Quasi allo stesso tempo Ginesio si trova dinanzi, come uomo e non più come artista, alla prova suprema di tutte l'anime sensibili: alla prova dell'amore.
L'amore-devozione, casto e taciturno, della vergine Albina; l'amore-passione, furioso e geloso, dell'attrice cortigiana Poppea, già amata da lui in un giorno lontano. Tutt'e due questi amori lo turbano ma riesce a ritardare la scelta, guidato dal presentimento di un amore più sublime che li sorpasserà, riuniti in un comune sacrificio.
Infine l'ultima prova, la più decisiva di tutte: l'incontro col fratello. Felice, da lui un tempo teneramente amato,s'è fatto cristiano; e Ginesio non l'ha voluto più vedere e odia il Dio che gliel'ha tolto. Ma ora, dovendo impersonare sulla scena un martire cristiano, desidera rivedere Felice, per sapere da lui il segreto dì quella misteriosa e detestata fede. L'invito parte da uno scrupolo artistico, ma nel colloquio, uno dei più belli del dramma, l'elemento umano riaffiora e par quasi che voglia sopraffare e sbaragliare tutti gli altri. Ginesio ritrova i dolci ricordi dell'amor fraterno e intravede, nelle parole e negli sguardi di Felice, la bellezza eroica dell'amore divino.
Ormai l'incantesimo è rotto : attraverso i sentimenti umani la Grazia ha preparato la sua Vittoria. Sotto la maschera dell'attore ha ricominciato a palpitare, a sognare, a soffrire l'uomo. Dall'uomo risuscitato sboccerà il martire e il santo. L'antico istrione saprà volare dalla falsità del palcoscenico alla verità eterna del paradiso.
Nel terzo atto assistiamo a questa miracolosa sublimazione di Ginesio: la sua onestà artistica l'ha condotto a bruciarsi col fuoco che non perdona; l'amore umano ha predisposto in lui l'esigenza di un amore senza scorie e senza confini; la prepotenza del vecchio e annoiato imperatore avrà per risposta la ribellione finale, il ritorno gaudioso all'Imperatore dell'universo.
A un certo punto Ginesio dimentica e tralascia il mediocre testo del mediocre poeta e gli sgorgano dall'anima illuminata le parole della fede, le cocenti e trionfanti parole dell'amore scoperto e conquistato. Ginesio non è più Io schiavo di Cesare ma il soldato di Cristo. Non è più il simulacro del martire Adriano ma l'uomo Ginesio, il nuovo martire Ginesio. Sull'estrema punta della finzione è spuntata la luce della Rivelazione. Alle grazie di Diocleziano succede la Grazia di Cristo. La tragedia dell'attore s'è risolta nella redenzione del cristiano.

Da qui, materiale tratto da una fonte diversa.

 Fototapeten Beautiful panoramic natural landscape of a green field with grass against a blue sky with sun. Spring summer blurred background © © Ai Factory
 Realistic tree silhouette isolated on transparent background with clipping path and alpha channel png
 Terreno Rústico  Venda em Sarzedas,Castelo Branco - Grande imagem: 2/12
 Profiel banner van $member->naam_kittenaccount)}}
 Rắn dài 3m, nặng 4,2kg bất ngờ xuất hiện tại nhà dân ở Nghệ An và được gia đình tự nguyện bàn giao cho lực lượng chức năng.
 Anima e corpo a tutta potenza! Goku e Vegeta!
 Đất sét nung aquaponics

Questa conversione segnerà la morte del suo corpo ma è il lieto fine della sua anima risorta, promessa di beatitudine senza fine, d'infinito indiante amore.

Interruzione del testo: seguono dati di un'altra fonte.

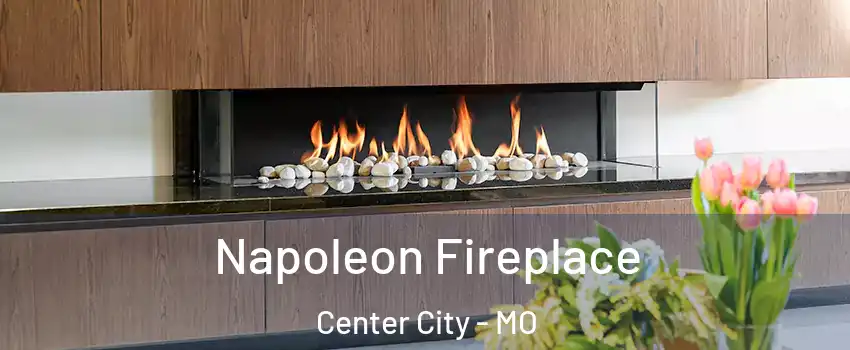 Napoleon Fireplace Center City - MO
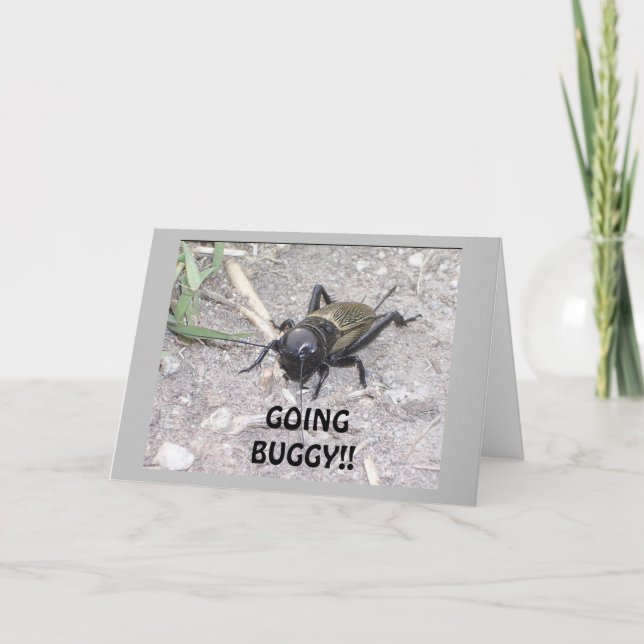 CARTE GOING BUGGY VOUS NE POUVEZ PAS AVOIR 18 ANS ! ! !  (Devant)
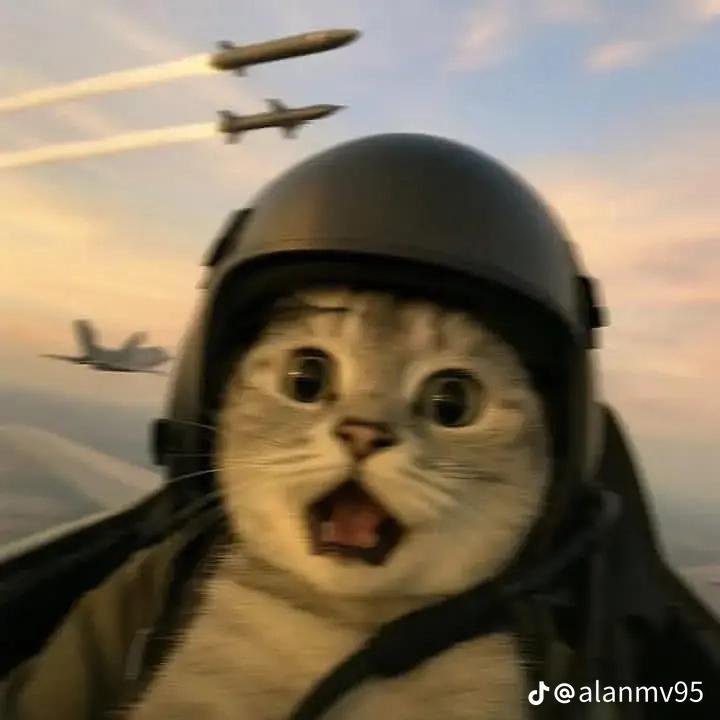 DIP-BoXサービス概要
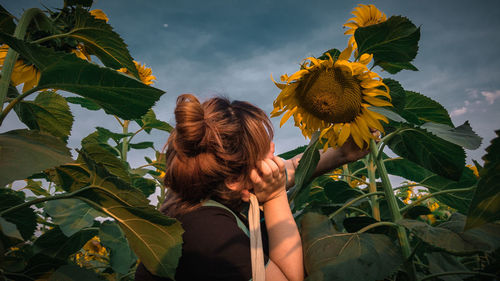 Low angle view of sunflower against sky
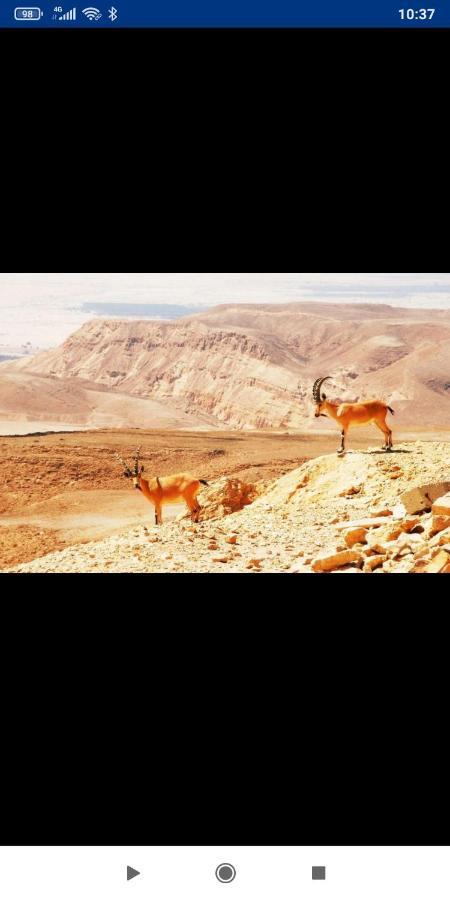 באר אורה אלת המדברGoddess of the desert מראה חיצוני תמונה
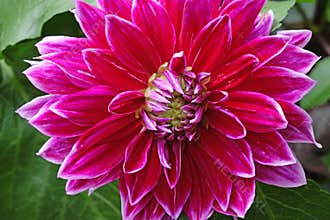 Closeup of a Dahlias flower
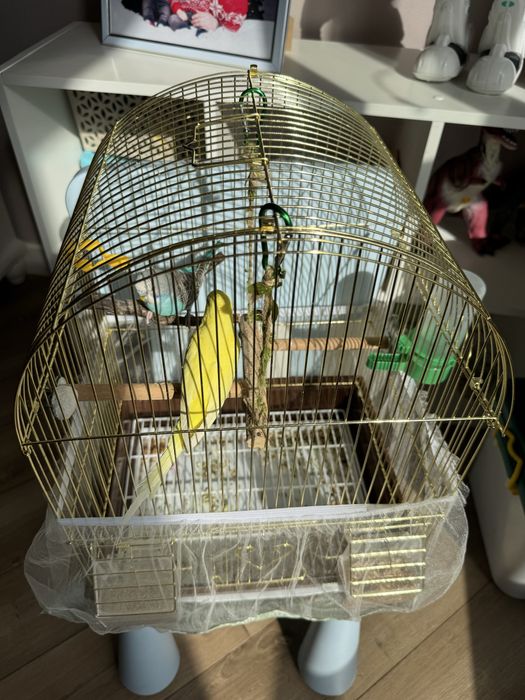 Продам попугай  2 шт с сеткой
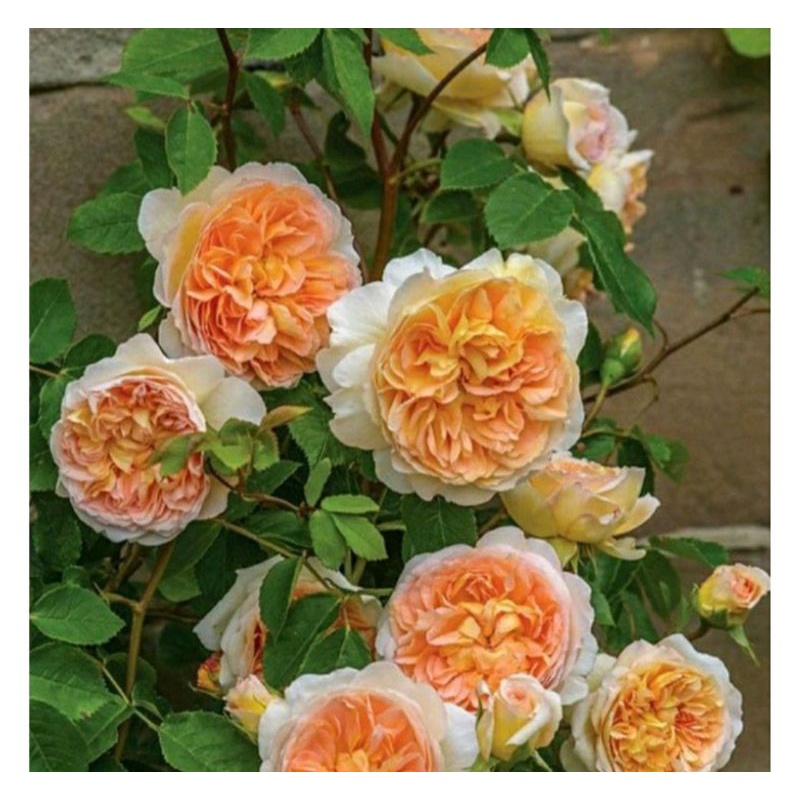 tanaman bunga mawar import jenis juliet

Enrico Ghéon non s'è lasciato indurre alla tentazione dei facili effetti spettacolari e melodrammatici e non ha posto sulla scena il processo e il martirio dì Ginesio. Egli ha voluto fare opera tutta spirituale, che trae la sua forza dal dissidio e dal cozzo degli umani sentimenti per giungere alla affermazione inconfutabile del soprannaturale.
Dio è il protagonista di questo dramma ma un protagonista invisibile, non già figura posticcia che interviene alla fine, per risolvere il groviglio delle vicende, come nelle tragedie greche. È presente fin dapprincipio ma nel cuore predestinato di Ginesio. Egli fa sì che a poco a poco nell'attore risusciti l'uomo, l'uomo nuovo nel quale si manifesterà il rosso splendore della Grazia.
L'impresa era arditissima ed era stata sol confusamente e rozzamente abbozzata nelle Sacre Rappresentazioni del Medioevo. Noi tutti siamo attori su quello che Calderon chiamava « El gran teatro del mundo » e la Grazia ci tenta e ci attende. Enrico Ghéon ha reso visibile e plausibile questa irruzione del divino nell'umano, in un dramma che non è soltanto quello di San Ginesio.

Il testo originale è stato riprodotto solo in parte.